FUCK!!!!!!! That’s the edited version of how I feel. I miss him (BTW, saw him and the new girl….she’s hideous, lol….no seriously…) but I fucking HATE everything about him. His walk, his speech, the way he strokes, everything! It’s been months, and I was so sure last night and even this morning that I was over it completely! I was so sure of it…but just like it always happens, I see something that reminds me of him. Or something happens that reminds me of him. FUCK! That word is really in my heart right now. Every song (even on RANDOM) relates to him (Single for the Rest of My Life, Silly,  Resentment). Song Cry made me break down in fucking tears and realize I’ll never be over him. He did something no one can ever do-he was the reason I knew how to love. The reason I knew how to SACRIFICE for other people. Man… this hurts so bad….Sorry, but I just had to get this off my chest….

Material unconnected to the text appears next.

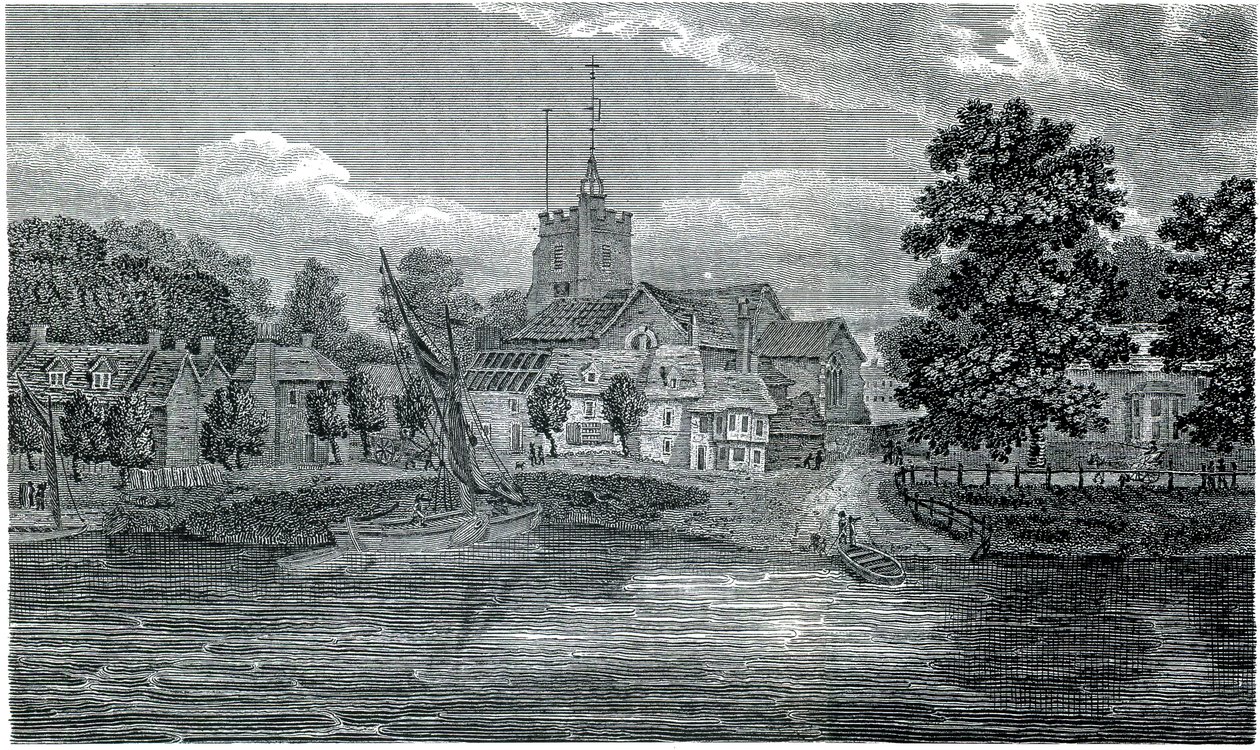 Kaiverrus St Nicholas Church Chiswick, Schnebbelie 1807 tekijältä Jacob Schnebbelie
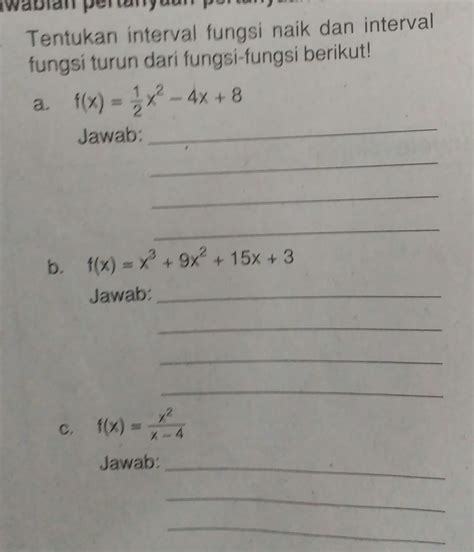 Contoh Soal Soal Matematika Fungsi Naik Dan Turun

But to the positive stuff!!!! Even though I’m stuck on him, I’m dating!!!!!! I had a date with a FINE southern gentleman this weekend. He was wonderful company and delicious eye candy :) He’s a lot of fun and he’s really nice. I thought southern charm was a myth…bull! He pulled out the chair, tried to cut up my steak (that was really cute :) ), ordered dessert and was just all around great. And we went to the club afterwards. We had a ball. He’s a great dancer and he’s sooooooooooo smooth. He reminds me of a straight Ne-Yo (lol had to say it people!) and I like it. We have another date planned this weekend at a jazz club, so I’ll update you on that….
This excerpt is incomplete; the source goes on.